After the story started in earnest, I began to lose track of these cool elements (which is a shame, maybe worth watching a second time just to watch the background). The story isn’t terrible, but it doesn’t compare to the concept, environment and animation. The plot is a bit mature so I don’t think it’ll be enjoyable for little kids even though its theme (diversity and inclusion) is worthwhile for children to understand! Overall the execution was great, but the plot (being a non-adult movie) drags it down slightly to be a 4 out of 5 stars in my book.


The last movie that I watched on my flight to Korea was Pixar’s The Good Dinosaur. I’ve enjoyed most of Pixar’s films but I did not enjoy this one that much. I think the main reason was that it was a kids movie, and unlike previous Pixar movies, it did not have a lot of depth for adults.

What attracted my attention was the What If premise, whereby the meteor that caused the extinction of the dinosaurs missed earth. Dinosaurs began developing a civilized society and humans became scavengers – the little pet human in the movie is like a puppy. Beneath this role reversal is your typical coming of age story.

I didn’t really notice the animation until the end credits (mostly because I was paying attention to the movie), but the animation is really nice. The end credits look like live footage (at least on my airplane screen), with tough subject matter like water and leaves! But sadly, I don’t watch a movie just for the animation so the fact that the story didn’t appeal to me gives this a 2 out of 5 stars.


I almost fit Pixar’s Inside Out onto my flight to NY (only 95 mins) and just missed the denouement and credits. I’ve read some people say that this is the best Pixar movie so far. While I don’t conclusively agree, I think it does take on an interesting topic for kids – they usually don’t watch movies that are introspective.

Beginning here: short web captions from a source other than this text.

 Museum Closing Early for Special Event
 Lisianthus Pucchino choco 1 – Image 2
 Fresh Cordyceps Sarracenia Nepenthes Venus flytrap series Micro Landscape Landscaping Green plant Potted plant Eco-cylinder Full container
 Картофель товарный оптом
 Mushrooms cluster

The movie happens at the critical point of childhood where they grow up to be a teenager. Riley, the main character has a cross-country move to compound her difficulties adjusting to this period and that gives ample opportunity for her emotions to take over.

I liked the idea of being in one’s mind and understanding actions. Unlike Osmosis Jones, Inside Out shows an angle to kids where they may not have developed a lot or understood about themselves yet. That’s much more useful than imagining your immune system. As an adult, I found the 5 characters a bit simplistic. I guess those are the core emotions. But when they were in the parents head, they probably have more refined roles/emotions that perform decisions.

Watching Inside Out leads to an interesting thought experiment to understand what drives ones own behavior. However, I didn’t think the movie was overly entertaining or funny – although it is a tear jerker at times. Three out of five stars from me.